Mayor of the 5th Sector of Bucharest
- In office 2000–2016

Personal details
- Born: Daniel Marian Vanghelie 1968 (age 57–58) Bucharest, Romania
- Party: PSS (1993–1994); PDSR (1994–2001); PSD (2001–2004); Independent (2004–2005); PSD (2005–2014); PRSO (2015–2016); PER (2020–2024); Romanian Sovereigntist Bloc (2024–present);
- Spouse: Charlotte
- Children: 1
- Occupation: Politician

= Marian Vanghelie =

Romanian politician (born 1968)

Daniel Marian Vanghelie (born 1968) is a Romanian politician, the former mayor of the 5th Sector of Bucharest (2000–2016) and a former member of the Romanian Social Democratic Party (PSD).

He ran for a fifth term in 2016 as an independent but was defeated by social-democratic candidate Daniel Florea. Vanghelie came in 3rd place, receiving fewer votes than both the social democratic candidate and the liberal candidate, Ovidiu Raețchi.

== Early life ==
Vanghelie was born in 1968 in Bucharest.

== Career ==
Vanghelie entered the Romanian politics in the early 1990s, as a member of Miron Mitrea's Party of Social Solidarity and later as a member of the Party of Social Democracy in Romania. Best described as a populist, Vanghelie started his center-stage political career in the year 2000, when he was elected mayor in the same sector. Although he was not particularly well-known, Vanghelie made a name for himself through his populism. He promotes himself as a tell-it-like-it-is, if not particularly well-educated everyman, out to help the simple people. One of Vanghelie's most famous publicity stunts is the New Year's Celebrations the Fifth Sector Mayor's Office organizes every year, very popular with many of the residents of the sector, which has the lowest average income in Bucharest.

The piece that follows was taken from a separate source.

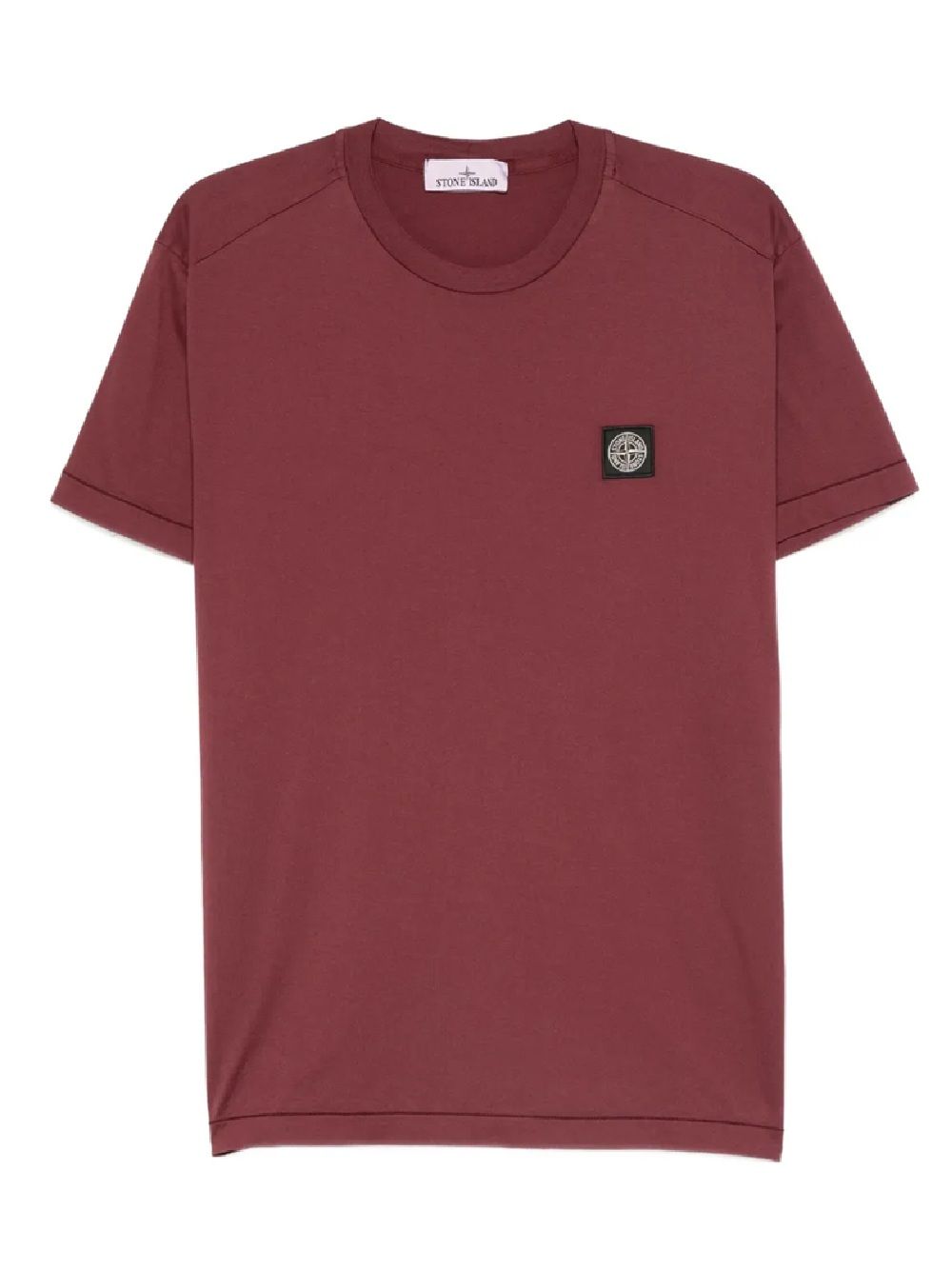 STONE ISLAND T-SHIRT for Men T-SHIRT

Due to allegations of corruption made against him by the Romanian PNA, Vanghelie was excluded from the Romanian Social Democratic Party (PSD) before the Bucharest 2004 local elections. Running at the time as an independent candidate, Vanghelie was the only of the six Bucharest district mayors to win from the first round, at a comfortable 27% margin. Following his electoral victory, he was re-accepted in PSD, although his National Anticorruption Directorate files were not closed. Vanghelie's return into the Social Democratic Party (PSD) brought up to two the number of district mayoral seats the PSD held to in Bucharest.

The slogan used by Adriean Videanu against him in the Bucharest 2005 mayor elections was count on the one who counts (contează pe cine contează), a catch-phrase meant to disparage Vanghelie's lower-class background and lack of formal education. Vanghelie did provoke a measure of public concern when he was unable to conjugate the verb a fi (to be) on national television, earning him the derisive nickname "Vanghelie Care Este" (Vanghelie Who Is).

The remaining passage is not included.